REQUIREMENT:
Your task is to repeat exactly the lines below between the line holding "Parchment | linen" and the line holding "cut out woman", inclusive, and only those.

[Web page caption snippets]
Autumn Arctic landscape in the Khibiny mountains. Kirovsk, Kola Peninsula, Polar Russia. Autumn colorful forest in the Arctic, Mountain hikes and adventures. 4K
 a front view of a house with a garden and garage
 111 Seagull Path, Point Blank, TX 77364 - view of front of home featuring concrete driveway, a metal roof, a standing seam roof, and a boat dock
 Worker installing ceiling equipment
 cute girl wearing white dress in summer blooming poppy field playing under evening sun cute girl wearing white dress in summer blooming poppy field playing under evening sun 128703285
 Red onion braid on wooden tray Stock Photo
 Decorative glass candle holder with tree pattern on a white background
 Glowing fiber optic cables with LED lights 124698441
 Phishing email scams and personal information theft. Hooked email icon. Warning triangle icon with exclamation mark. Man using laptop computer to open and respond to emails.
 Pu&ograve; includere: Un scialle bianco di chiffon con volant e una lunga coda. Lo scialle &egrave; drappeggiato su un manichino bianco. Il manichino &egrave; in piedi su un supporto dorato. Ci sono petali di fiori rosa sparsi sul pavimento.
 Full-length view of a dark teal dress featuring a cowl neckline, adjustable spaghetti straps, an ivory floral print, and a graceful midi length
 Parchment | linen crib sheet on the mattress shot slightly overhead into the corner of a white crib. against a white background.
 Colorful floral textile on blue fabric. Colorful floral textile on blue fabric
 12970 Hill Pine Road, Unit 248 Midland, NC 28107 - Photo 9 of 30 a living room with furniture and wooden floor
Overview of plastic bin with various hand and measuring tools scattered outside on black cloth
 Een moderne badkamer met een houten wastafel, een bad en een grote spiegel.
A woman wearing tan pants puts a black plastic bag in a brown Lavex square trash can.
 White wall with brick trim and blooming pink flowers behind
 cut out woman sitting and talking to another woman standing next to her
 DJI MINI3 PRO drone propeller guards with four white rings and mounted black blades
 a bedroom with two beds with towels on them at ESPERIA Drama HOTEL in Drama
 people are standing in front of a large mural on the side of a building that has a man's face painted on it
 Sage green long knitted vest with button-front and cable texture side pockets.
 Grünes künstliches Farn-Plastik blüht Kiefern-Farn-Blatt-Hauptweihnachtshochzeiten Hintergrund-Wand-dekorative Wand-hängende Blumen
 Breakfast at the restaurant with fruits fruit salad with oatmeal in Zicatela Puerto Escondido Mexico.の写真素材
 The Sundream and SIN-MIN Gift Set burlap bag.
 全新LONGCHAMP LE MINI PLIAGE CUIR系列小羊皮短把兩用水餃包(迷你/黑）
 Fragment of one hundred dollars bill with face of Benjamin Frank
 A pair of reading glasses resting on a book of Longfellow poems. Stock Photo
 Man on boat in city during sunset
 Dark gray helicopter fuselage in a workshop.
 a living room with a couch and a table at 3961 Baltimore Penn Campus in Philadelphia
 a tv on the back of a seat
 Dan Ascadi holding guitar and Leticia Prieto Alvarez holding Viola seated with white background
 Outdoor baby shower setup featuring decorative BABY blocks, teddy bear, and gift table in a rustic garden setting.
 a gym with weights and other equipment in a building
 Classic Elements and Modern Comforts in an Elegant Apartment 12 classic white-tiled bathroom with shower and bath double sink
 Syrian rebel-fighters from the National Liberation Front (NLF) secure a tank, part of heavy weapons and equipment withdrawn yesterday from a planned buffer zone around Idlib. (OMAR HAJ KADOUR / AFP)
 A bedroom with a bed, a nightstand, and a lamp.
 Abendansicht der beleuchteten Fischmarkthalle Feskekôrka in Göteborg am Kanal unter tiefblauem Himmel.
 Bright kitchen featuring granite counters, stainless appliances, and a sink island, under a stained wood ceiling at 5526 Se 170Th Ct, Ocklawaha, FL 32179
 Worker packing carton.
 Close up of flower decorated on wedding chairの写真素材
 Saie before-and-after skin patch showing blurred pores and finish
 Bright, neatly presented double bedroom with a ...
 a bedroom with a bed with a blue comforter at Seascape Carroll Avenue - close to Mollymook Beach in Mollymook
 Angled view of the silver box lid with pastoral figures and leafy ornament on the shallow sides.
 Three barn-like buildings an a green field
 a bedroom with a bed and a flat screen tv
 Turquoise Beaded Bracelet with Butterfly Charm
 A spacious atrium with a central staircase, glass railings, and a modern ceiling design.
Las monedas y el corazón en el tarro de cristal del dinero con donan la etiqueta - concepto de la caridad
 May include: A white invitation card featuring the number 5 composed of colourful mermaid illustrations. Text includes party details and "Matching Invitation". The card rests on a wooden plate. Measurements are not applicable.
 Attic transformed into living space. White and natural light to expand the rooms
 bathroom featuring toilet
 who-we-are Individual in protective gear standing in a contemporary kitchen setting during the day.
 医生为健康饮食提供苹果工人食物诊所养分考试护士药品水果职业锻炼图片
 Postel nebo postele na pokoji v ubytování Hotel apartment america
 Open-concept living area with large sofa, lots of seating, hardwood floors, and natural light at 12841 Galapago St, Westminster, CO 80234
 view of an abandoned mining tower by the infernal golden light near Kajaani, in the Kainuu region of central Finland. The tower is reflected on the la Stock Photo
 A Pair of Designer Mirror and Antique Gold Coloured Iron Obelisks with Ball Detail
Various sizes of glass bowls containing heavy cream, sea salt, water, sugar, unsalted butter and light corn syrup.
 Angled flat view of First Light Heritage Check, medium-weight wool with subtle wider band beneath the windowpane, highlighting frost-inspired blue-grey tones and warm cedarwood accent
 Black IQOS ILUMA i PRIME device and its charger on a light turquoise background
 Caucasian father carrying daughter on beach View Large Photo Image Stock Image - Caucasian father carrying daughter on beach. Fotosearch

SOLUTION FOR THIS TASK:
 Parchment | linen crib sheet on the mattress shot slightly overhead into the corner of a white crib. against a white background.
 Colorful floral textile on blue fabric. Colorful floral textile on blue fabric
 12970 Hill Pine Road, Unit 248 Midland, NC 28107 - Photo 9 of 30 a living room with furniture and wooden floor
Overview of plastic bin with various hand and measuring tools scattered outside on black cloth
 Een moderne badkamer met een houten wastafel, een bad en een grote spiegel.
A woman wearing tan pants puts a black plastic bag in a brown Lavex square trash can.
 White wall with brick trim and blooming pink flowers behind
 cut out woman sitting and talking to another woman standing next to her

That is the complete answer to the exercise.